Now, why wasn't the error noticed in the 40 years the bridge was in operation? The two ongoing checks that might have noticed this error are the load rating calculations (which determines the weight limit for the bridge) and the bridge inspections. The error was not noticed during either. Why?
The error was not noticed in load rating calculations because a load rating does NOT include an evaluation of the gusset plate capacity. This simplifies the analysis, since gusset plates are not considered important to load rating. This is because it is widely assumed that gusset plates are stronger than the members they connect. This assumption is generally true . . . when the gusset plates have been properly sized. Due to the design error, this assumption was no longer accurate. The assumption was never verified because the gusset plates were left out of the analysis.
The gusset plate design error was not found during the inspections, which were inadequate. The bowing of the gusset plates (visible on photographs from 1999) was not mentioned as part of any inspection. The inspectors noted that they assumed it occurred during construction. (More unverified assumptions.) The gusset plates were not listed as separate inspection elements, and there was a lack of training on gusset plate inspections, because gusset plates were not considered important to the load rating, as discussed above. You'll notice that this assumption has become a common cause. That doesn't make it THE root cause, but it does show how a common error may be found in several locations on a Cause Map.
The full Cause Map based on the information found in the NTSB report has more than 50 causes, but even more detail can be added for clarification or if additional information arises as part of the investigation. Again, due to the fatalities associated with the event, we want an extremely detailed Cause Map.
Step 3. Select the Best Solutions (Reduce the Risk)
Once the Cause Map is built to a sufficient level of detail, and supporting evidence is included, we begin looking for solutions. The Cause Map allows us to find specific solutions for the individual causes on the map. However, each cause may not have a solution.

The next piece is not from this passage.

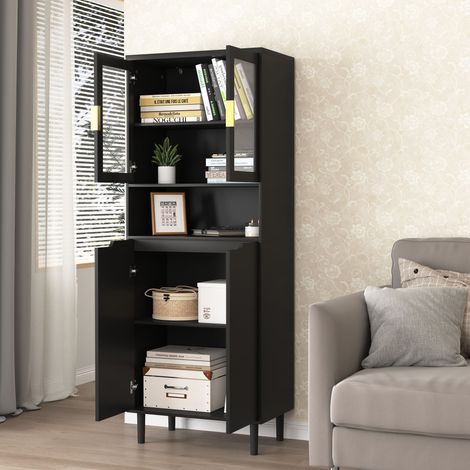 Libreria Alta con 4 Ante e 2 Ante in Vetro, Ripiano Regolabile, Stile Moderno, in MDF Laccato, Nero (1/5)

Possible solutions are placed directly on the map above the cause they control, as shown below.
The full Cause Map with associated evidence and possible solutions is shown below.
The best solutions are selected from the Cause Map and placed in the Action Items Table, shown below. The solutions that will be implemented are based on the organization's goals. Because the impacts to the goals for this incident were so severe, including loss of life, many solutions will be implemented.
Cause Mapping Improves Problem Solving Skills
The Cause Mapping method focuses on the basics of the cause-and-effect principle so that it can be applied consistently to day-to-day issues as well as catastrophic, high risk issues. The steps of Cause Mapping are the same, but the level of detail is different. Focusing on the basics of the cause-and-effect principle make the Cause Mapping approach to root cause analysis a simple and effective method for investigating safety, environmental, compliance, customer, production, equipment or service issues.